Thus far we have discussed the laws of how an individual should deal with a lost item. How do these laws apply to institutions that cater to the public, such as synagogues and stores? Is the owner of the institution responsible to guard every item that is left in the vicinity?

The legal authorities write that such an institution has a right to make their own lost-and-found policy governing what will be done with objects left behind on their property. The owner may state that people enter his property on condition that anything they leave behind may be dealt with according to his judgment. It is common for institutions to have some kind of policy whereby anything left behind is placed in a lost-and-found room or cabinet for a certain amount of time. After that period, the owner may dispose of the item or do with it as he pleases.

In order for the policy to take effect, the institution must publicize it prominently so that everyone is aware of the rules. Further, it is preferable if the policy provides for someone to be responsible for asking a claimant for a simun. However, the institution is permitted to have a system whereby they allow claimants to reclaim the lost item without providing any proof.

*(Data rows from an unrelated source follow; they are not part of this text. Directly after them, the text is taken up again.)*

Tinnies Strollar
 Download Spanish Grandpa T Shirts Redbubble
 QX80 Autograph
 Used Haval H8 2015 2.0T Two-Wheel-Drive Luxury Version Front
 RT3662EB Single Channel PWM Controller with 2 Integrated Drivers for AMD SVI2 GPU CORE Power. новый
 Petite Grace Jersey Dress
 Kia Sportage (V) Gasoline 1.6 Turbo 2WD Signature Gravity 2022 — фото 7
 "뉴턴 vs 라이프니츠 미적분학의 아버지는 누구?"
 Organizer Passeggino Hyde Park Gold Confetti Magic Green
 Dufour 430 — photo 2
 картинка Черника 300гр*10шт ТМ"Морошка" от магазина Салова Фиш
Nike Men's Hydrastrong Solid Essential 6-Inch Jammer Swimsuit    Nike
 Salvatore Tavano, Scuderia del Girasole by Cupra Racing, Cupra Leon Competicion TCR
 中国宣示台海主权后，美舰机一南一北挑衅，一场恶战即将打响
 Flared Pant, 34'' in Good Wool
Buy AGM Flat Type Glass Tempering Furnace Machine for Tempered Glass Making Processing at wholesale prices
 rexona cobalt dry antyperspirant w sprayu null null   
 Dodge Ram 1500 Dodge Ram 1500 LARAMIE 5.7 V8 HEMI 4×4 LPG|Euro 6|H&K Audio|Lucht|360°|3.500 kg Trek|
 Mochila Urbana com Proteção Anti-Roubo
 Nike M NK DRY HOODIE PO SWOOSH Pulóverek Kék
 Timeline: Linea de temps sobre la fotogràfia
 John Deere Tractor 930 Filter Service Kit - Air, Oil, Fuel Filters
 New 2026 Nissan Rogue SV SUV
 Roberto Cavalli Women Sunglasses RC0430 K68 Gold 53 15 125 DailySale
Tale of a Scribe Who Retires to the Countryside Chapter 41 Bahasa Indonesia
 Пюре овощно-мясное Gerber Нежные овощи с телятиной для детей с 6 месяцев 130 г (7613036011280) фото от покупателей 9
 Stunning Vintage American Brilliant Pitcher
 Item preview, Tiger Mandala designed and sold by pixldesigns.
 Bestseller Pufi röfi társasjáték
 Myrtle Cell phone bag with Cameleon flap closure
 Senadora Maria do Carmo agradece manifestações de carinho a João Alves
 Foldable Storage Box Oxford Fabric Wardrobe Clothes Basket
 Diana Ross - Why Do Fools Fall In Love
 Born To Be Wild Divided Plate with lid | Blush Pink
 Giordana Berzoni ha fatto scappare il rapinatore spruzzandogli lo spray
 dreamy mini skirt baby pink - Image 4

There is another common question that arises in public places; On occasion it happens that a person comes to take his coat and sees that it was mistakenly taken by someone else. He sees the coat of the other person remaining on the hook. Is he allowed to take it in the interim before he informs the owner of the mistake? The authorities permit this because in such a case, it is customary for people not to mind if the other person uses theirs. Ideally any institution that has a coatroom where many coats are placed, should establish a switched coal policy. This should state that everyone gives permission to others to wear his coat in the eventuality that the wrong coat is taken. This policy should be posted in a public place.

*Much of the information for this essay is taken from "Halachos of Other People's Money" by Rabbi Yisroel Pinchos Bodner.